(WHAT IS EXPECTED): Write out the data exactly, keeping every line.
[SUPPLIED ENTRIES]
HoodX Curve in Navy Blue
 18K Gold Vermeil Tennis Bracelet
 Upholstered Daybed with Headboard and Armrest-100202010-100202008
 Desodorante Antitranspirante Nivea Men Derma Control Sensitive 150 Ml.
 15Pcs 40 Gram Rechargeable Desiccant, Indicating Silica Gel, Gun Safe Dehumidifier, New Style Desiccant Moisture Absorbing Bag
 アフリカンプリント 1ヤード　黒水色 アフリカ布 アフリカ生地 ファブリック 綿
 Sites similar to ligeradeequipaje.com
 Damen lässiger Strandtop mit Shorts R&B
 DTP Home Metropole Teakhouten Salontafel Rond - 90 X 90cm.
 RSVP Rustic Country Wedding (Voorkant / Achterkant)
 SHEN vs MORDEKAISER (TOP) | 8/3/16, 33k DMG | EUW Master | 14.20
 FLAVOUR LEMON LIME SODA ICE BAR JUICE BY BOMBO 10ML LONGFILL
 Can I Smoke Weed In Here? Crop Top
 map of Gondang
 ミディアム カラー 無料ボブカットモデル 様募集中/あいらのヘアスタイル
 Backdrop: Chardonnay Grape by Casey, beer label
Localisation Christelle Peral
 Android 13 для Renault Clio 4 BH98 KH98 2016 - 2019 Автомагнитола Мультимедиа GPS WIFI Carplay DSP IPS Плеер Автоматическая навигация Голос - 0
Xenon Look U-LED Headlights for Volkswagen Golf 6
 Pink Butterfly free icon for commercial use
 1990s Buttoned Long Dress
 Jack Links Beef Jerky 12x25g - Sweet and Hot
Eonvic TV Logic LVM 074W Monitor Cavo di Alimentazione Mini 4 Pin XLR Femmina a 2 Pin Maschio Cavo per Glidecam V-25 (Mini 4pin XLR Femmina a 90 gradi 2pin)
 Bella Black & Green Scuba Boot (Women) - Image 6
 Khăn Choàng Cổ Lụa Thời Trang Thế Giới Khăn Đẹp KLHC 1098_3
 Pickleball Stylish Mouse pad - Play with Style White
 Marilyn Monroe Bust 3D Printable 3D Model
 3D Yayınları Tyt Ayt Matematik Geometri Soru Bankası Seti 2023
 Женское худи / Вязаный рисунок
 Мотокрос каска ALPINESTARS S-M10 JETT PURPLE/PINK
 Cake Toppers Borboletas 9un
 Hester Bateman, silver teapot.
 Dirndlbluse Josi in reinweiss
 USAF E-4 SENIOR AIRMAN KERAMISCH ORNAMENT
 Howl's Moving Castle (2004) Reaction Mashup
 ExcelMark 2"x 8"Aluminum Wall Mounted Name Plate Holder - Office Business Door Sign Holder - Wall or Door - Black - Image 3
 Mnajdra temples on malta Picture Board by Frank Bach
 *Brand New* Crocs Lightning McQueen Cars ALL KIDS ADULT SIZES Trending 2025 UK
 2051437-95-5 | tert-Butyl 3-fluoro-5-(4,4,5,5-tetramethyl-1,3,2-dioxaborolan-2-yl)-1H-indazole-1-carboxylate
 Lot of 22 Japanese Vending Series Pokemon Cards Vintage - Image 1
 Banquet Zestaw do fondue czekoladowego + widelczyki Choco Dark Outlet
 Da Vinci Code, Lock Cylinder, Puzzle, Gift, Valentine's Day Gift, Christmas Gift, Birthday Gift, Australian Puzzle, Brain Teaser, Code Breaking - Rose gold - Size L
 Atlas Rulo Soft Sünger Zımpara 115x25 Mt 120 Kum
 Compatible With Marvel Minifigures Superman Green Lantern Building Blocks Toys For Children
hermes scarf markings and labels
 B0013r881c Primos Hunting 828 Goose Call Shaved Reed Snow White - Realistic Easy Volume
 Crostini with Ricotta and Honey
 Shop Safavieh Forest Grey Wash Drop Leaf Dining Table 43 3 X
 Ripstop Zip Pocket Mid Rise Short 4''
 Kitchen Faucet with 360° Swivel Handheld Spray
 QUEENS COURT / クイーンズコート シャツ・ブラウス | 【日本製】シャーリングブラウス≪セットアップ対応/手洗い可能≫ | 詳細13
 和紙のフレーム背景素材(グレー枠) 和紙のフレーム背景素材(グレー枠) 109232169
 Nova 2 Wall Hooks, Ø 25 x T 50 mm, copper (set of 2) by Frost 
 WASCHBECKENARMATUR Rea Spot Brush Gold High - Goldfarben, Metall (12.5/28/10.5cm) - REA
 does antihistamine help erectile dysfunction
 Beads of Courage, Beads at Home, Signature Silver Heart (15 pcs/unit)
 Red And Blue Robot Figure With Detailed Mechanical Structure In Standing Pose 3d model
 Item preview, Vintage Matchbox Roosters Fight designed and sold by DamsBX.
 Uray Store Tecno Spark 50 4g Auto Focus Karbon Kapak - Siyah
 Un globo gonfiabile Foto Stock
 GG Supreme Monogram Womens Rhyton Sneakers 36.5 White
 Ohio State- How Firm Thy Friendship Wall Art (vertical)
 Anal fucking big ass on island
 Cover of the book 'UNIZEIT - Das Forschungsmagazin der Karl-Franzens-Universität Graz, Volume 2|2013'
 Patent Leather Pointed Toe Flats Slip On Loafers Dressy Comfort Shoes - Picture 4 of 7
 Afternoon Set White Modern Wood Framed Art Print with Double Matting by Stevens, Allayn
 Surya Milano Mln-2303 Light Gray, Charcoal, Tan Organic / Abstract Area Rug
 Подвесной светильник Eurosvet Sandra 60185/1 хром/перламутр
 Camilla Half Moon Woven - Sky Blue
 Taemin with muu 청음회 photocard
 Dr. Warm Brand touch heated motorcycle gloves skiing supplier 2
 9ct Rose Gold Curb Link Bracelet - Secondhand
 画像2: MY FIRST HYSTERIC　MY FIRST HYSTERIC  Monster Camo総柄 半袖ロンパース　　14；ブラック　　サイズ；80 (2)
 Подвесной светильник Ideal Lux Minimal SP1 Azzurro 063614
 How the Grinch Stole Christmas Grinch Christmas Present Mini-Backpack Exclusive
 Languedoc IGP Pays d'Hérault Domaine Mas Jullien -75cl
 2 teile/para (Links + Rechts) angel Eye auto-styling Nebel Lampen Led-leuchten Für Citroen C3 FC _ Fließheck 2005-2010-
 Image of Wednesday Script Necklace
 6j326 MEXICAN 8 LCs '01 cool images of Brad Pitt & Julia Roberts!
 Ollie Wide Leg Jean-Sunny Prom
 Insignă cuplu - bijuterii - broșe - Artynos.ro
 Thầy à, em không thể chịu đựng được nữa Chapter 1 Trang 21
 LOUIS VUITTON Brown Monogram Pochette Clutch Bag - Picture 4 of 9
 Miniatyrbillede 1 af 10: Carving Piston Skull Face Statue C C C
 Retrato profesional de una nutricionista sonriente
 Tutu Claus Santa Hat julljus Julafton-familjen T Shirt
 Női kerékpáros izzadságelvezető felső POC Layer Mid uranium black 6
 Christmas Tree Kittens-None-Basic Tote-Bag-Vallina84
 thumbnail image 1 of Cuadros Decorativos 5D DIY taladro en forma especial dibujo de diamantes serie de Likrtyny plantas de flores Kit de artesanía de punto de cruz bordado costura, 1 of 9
[/SUPPLIED ENTRIES]
(ANSWER BOX):
HoodX Curve in Navy Blue
 18K Gold Vermeil Tennis Bracelet
 Upholstered Daybed with Headboard and Armrest-100202010-100202008
 Desodorante Antitranspirante Nivea Men Derma Control Sensitive 150 Ml.
 15Pcs 40 Gram Rechargeable Desiccant, Indicating Silica Gel, Gun Safe Dehumidifier, New Style Desiccant Moisture Absorbing Bag
 アフリカンプリント 1ヤード　黒水色 アフリカ布 アフリカ生地 ファブリック 綿
 Sites similar to ligeradeequipaje.com
 Damen lässiger Strandtop mit Shorts R&B
 DTP Home Metropole Teakhouten Salontafel Rond - 90 X 90cm.
 RSVP Rustic Country Wedding (Voorkant / Achterkant)
 SHEN vs MORDEKAISER (TOP) | 8/3/16, 33k DMG | EUW Master | 14.20
 FLAVOUR LEMON LIME SODA ICE BAR JUICE BY BOMBO 10ML LONGFILL
 Can I Smoke Weed In Here? Crop Top
 map of Gondang
 ミディアム カラー 無料ボブカットモデル 様募集中/あいらのヘアスタイル
 Backdrop: Chardonnay Grape by Casey, beer label
Localisation Christelle Peral
 Android 13 для Renault Clio 4 BH98 KH98 2016 - 2019 Автомагнитола Мультимедиа GPS WIFI Carplay DSP IPS Плеер Автоматическая навигация Голос - 0
Xenon Look U-LED Headlights for Volkswagen Golf 6
 Pink Butterfly free icon for commercial use
 1990s Buttoned Long Dress
 Jack Links Beef Jerky 12x25g - Sweet and Hot
Eonvic TV Logic LVM 074W Monitor Cavo di Alimentazione Mini 4 Pin XLR Femmina a 2 Pin Maschio Cavo per Glidecam V-25 (Mini 4pin XLR Femmina a 90 gradi 2pin)
 Bella Black & Green Scuba Boot (Women) - Image 6
 Khăn Choàng Cổ Lụa Thời Trang Thế Giới Khăn Đẹp KLHC 1098_3
 Pickleball Stylish Mouse pad - Play with Style White
 Marilyn Monroe Bust 3D Printable 3D Model
 3D Yayınları Tyt Ayt Matematik Geometri Soru Bankası Seti 2023
 Женское худи / Вязаный рисунок
 Мотокрос каска ALPINESTARS S-M10 JETT PURPLE/PINK
 Cake Toppers Borboletas 9un
 Hester Bateman, silver teapot.
 Dirndlbluse Josi in reinweiss
 USAF E-4 SENIOR AIRMAN KERAMISCH ORNAMENT
 Howl's Moving Castle (2004) Reaction Mashup
 ExcelMark 2"x 8"Aluminum Wall Mounted Name Plate Holder - Office Business Door Sign Holder - Wall or Door - Black - Image 3
 Mnajdra temples on malta Picture Board by Frank Bach
 *Brand New* Crocs Lightning McQueen Cars ALL KIDS ADULT SIZES Trending 2025 UK
 2051437-95-5 | tert-Butyl 3-fluoro-5-(4,4,5,5-tetramethyl-1,3,2-dioxaborolan-2-yl)-1H-indazole-1-carboxylate
 Lot of 22 Japanese Vending Series Pokemon Cards Vintage - Image 1
 Banquet Zestaw do fondue czekoladowego + widelczyki Choco Dark Outlet
 Da Vinci Code, Lock Cylinder, Puzzle, Gift, Valentine's Day Gift, Christmas Gift, Birthday Gift, Australian Puzzle, Brain Teaser, Code Breaking - Rose gold - Size L
 Atlas Rulo Soft Sünger Zımpara 115x25 Mt 120 Kum
 Compatible With Marvel Minifigures Superman Green Lantern Building Blocks Toys For Children
hermes scarf markings and labels
 B0013r881c Primos Hunting 828 Goose Call Shaved Reed Snow White - Realistic Easy Volume
 Crostini with Ricotta and Honey
 Shop Safavieh Forest Grey Wash Drop Leaf Dining Table 43 3 X
 Ripstop Zip Pocket Mid Rise Short 4''
 Kitchen Faucet with 360° Swivel Handheld Spray
 QUEENS COURT / クイーンズコート シャツ・ブラウス | 【日本製】シャーリングブラウス≪セットアップ対応/手洗い可能≫ | 詳細13
 和紙のフレーム背景素材(グレー枠) 和紙のフレーム背景素材(グレー枠) 109232169
 Nova 2 Wall Hooks, Ø 25 x T 50 mm, copper (set of 2) by Frost 
 WASCHBECKENARMATUR Rea Spot Brush Gold High - Goldfarben, Metall (12.5/28/10.5cm) - REA
 does antihistamine help erectile dysfunction
 Beads of Courage, Beads at Home, Signature Silver Heart (15 pcs/unit)
 Red And Blue Robot Figure With Detailed Mechanical Structure In Standing Pose 3d model
 Item preview, Vintage Matchbox Roosters Fight designed and sold by DamsBX.
 Uray Store Tecno Spark 50 4g Auto Focus Karbon Kapak - Siyah
 Un globo gonfiabile Foto Stock
 GG Supreme Monogram Womens Rhyton Sneakers 36.5 White
 Ohio State- How Firm Thy Friendship Wall Art (vertical)
 Anal fucking big ass on island
 Cover of the book 'UNIZEIT - Das Forschungsmagazin der Karl-Franzens-Universität Graz, Volume 2|2013'
 Patent Leather Pointed Toe Flats Slip On Loafers Dressy Comfort Shoes - Picture 4 of 7
 Afternoon Set White Modern Wood Framed Art Print with Double Matting by Stevens, Allayn
 Surya Milano Mln-2303 Light Gray, Charcoal, Tan Organic / Abstract Area Rug
 Подвесной светильник Eurosvet Sandra 60185/1 хром/перламутр
 Camilla Half Moon Woven - Sky Blue
 Taemin with muu 청음회 photocard
 Dr. Warm Brand touch heated motorcycle gloves skiing supplier 2
 9ct Rose Gold Curb Link Bracelet - Secondhand
 画像2: MY FIRST HYSTERIC　MY FIRST HYSTERIC  Monster Camo総柄 半袖ロンパース　　14；ブラック　　サイズ；80 (2)
 Подвесной светильник Ideal Lux Minimal SP1 Azzurro 063614
 How the Grinch Stole Christmas Grinch Christmas Present Mini-Backpack Exclusive
 Languedoc IGP Pays d'Hérault Domaine Mas Jullien -75cl
 2 teile/para (Links + Rechts) angel Eye auto-styling Nebel Lampen Led-leuchten Für Citroen C3 FC _ Fließheck 2005-2010-
 Image of Wednesday Script Necklace
 6j326 MEXICAN 8 LCs '01 cool images of Brad Pitt & Julia Roberts!
 Ollie Wide Leg Jean-Sunny Prom
 Insignă cuplu - bijuterii - broșe - Artynos.ro
 Thầy à, em không thể chịu đựng được nữa Chapter 1 Trang 21
 LOUIS VUITTON Brown Monogram Pochette Clutch Bag - Picture 4 of 9
 Miniatyrbillede 1 af 10: Carving Piston Skull Face Statue C C C
 Retrato profesional de una nutricionista sonriente
 Tutu Claus Santa Hat julljus Julafton-familjen T Shirt
 Női kerékpáros izzadságelvezető felső POC Layer Mid uranium black 6
 Christmas Tree Kittens-None-Basic Tote-Bag-Vallina84
 thumbnail image 1 of Cuadros Decorativos 5D DIY taladro en forma especial dibujo de diamantes serie de Likrtyny plantas de flores Kit de artesanía de punto de cruz bordado costura, 1 of 9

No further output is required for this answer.